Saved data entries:
>>>
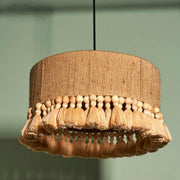 Luz Jute Pendant Lamp | Boho Rustic Natural Fiber Light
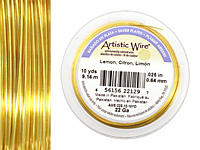 Artistic Wire Silver Plated Lemon 22 gauge, 10 yards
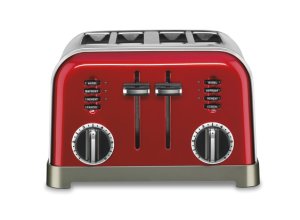 Cuisinart Cpt-180mr Metal Classic Toaster, 4 Slice, Metallic Red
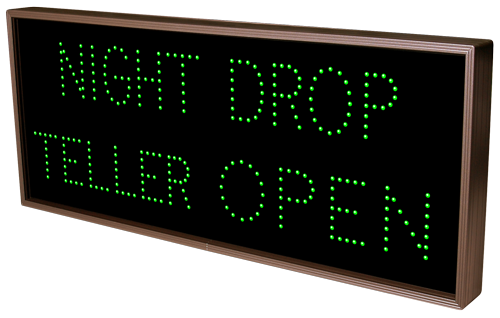 Signal-Tech NIGHT DROP | TELLER | OPEN | CLOSED (120-277 VAC) - 20946 Product Message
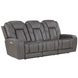 Daniel Gray 87" Triple Power Reclining Sofa with USB Charging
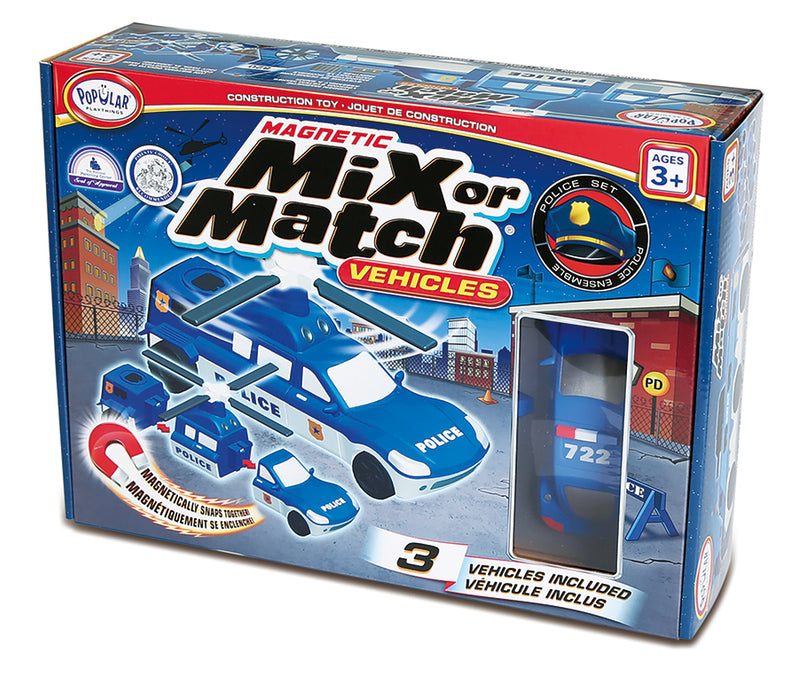 Mix or Match Vehicles Police (Bilingual)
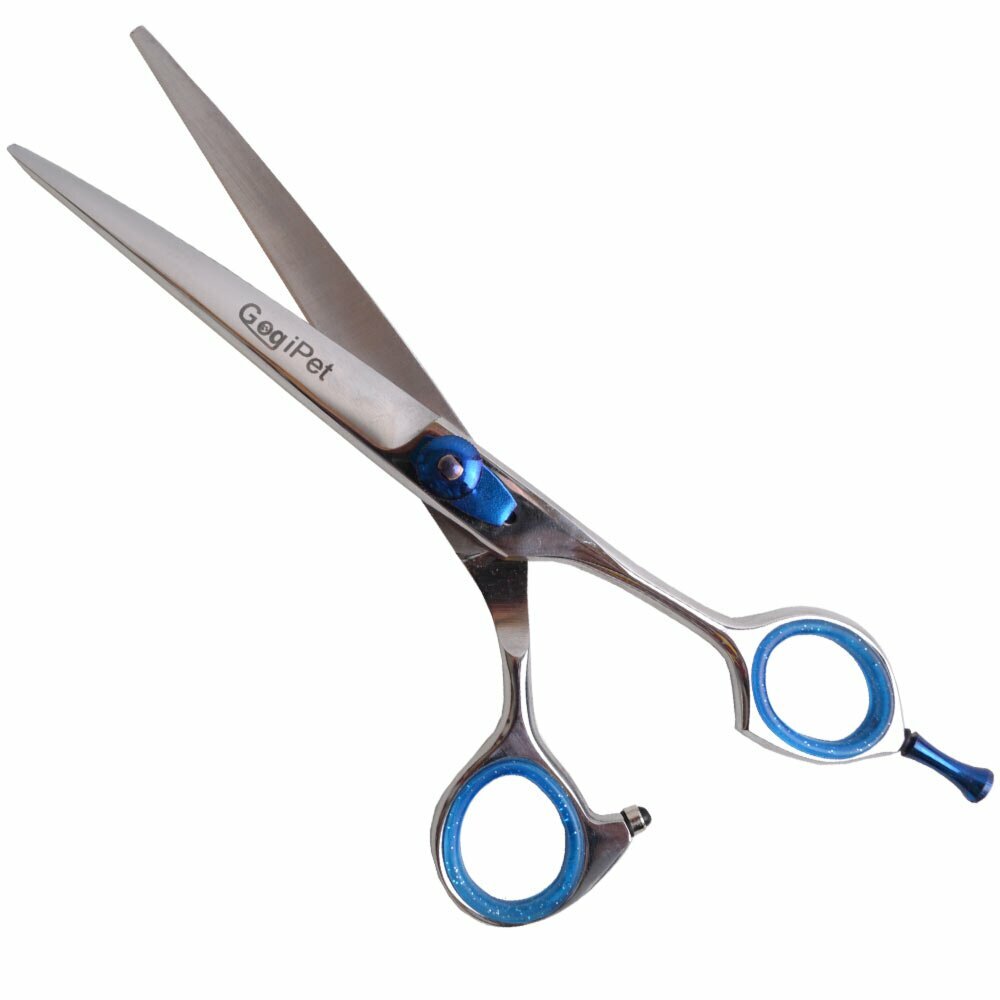 GogiPet® Japanese steel dog scissor 19 cm curved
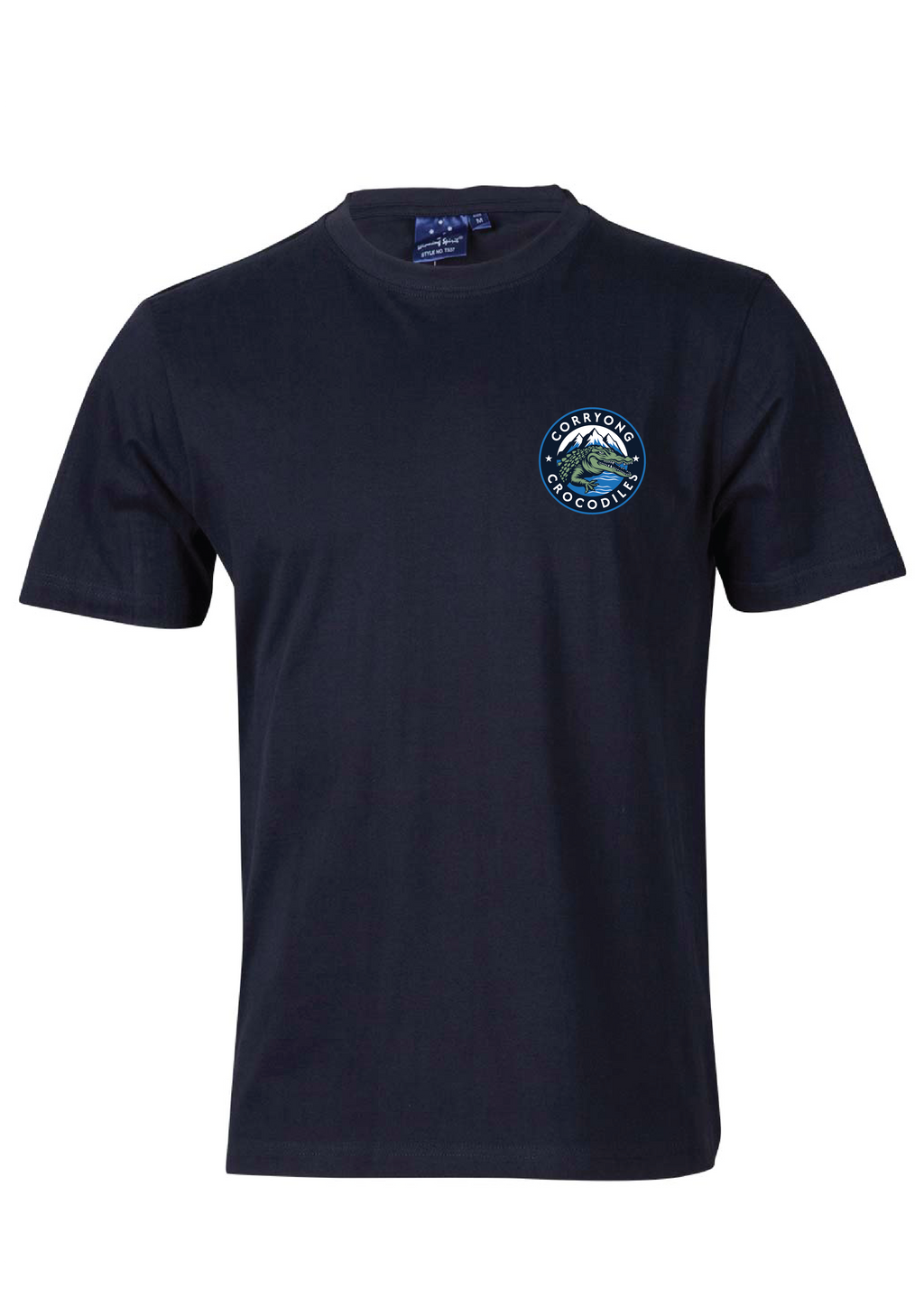 CORRYONG SWIM CLUB SHORT SLEEVE TEE - NAVY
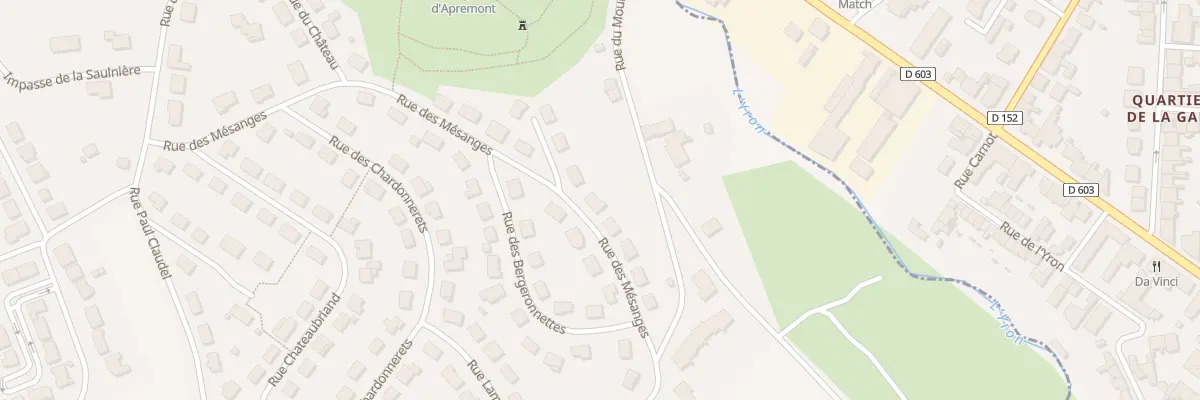 Plan du 25 Rue des Mesanges à Conflans-en-Jarnisy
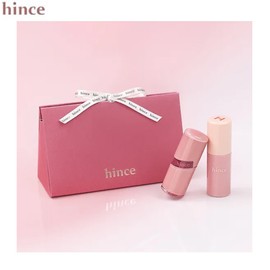 HINCE Raw Glow Gel Tint + Liquid Cheek Set 3items, Tint#$%Cheek:05 Hibiscus-04 Husky Mauve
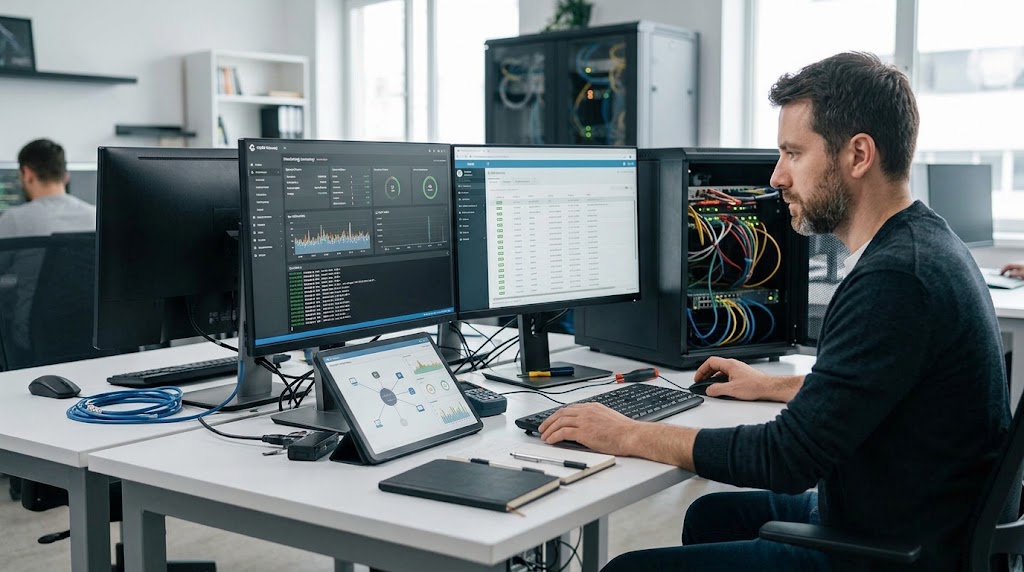 Ağ, MikroTik ve Firewall Yönetimi görseli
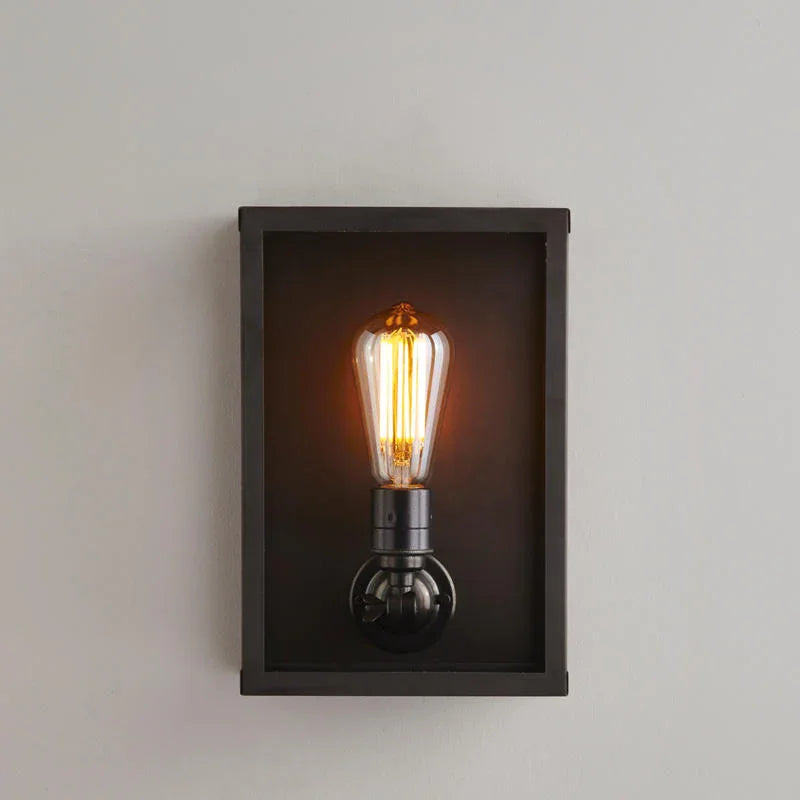 Original BTC Box Small Internal Glass Wall Light | All Square Lighting
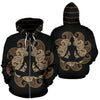 Mandala Yoga All Over Zip Up Hoodie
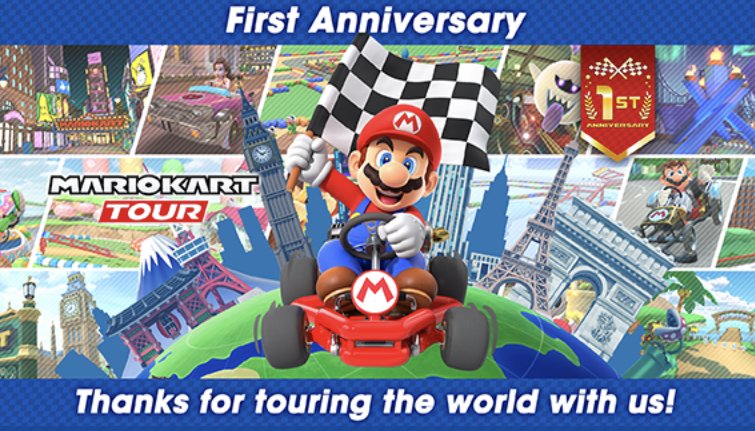 Mario Kart Tour’s 1st Anniversary Blank Meme Template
<<<
> _WORK REQUIRED_
For the entries above, return an exact copy that omits the images.

> _YOUR RESPONSE_
 Luz Jute Pendant Lamp | Boho Rustic Natural Fiber Light
 Artistic Wire Silver Plated Lemon 22 gauge, 10 yards
 Cuisinart Cpt-180mr Metal Classic Toaster, 4 Slice, Metallic Red
 Signal-Tech NIGHT DROP | TELLER | OPEN | CLOSED (120-277 VAC) - 20946 Product Message
 Daniel Gray 87" Triple Power Reclining Sofa with USB Charging
 Mix or Match Vehicles Police (Bilingual)
 GogiPet® Japanese steel dog scissor 19 cm curved
 CORRYONG SWIM CLUB SHORT SLEEVE TEE - NAVY
 Plan du 25 Rue des Mesanges à Conflans-en-Jarnisy
 HINCE Raw Glow Gel Tint + Liquid Cheek Set 3items, Tint#$%Cheek:05 Hibiscus-04 Husky Mauve
 Ağ, MikroTik ve Firewall Yönetimi görseli
 Original BTC Box Small Internal Glass Wall Light | All Square Lighting
 Mandala Yoga All Over Zip Up Hoodie
 Mario Kart Tour’s 1st Anniversary Blank Meme Template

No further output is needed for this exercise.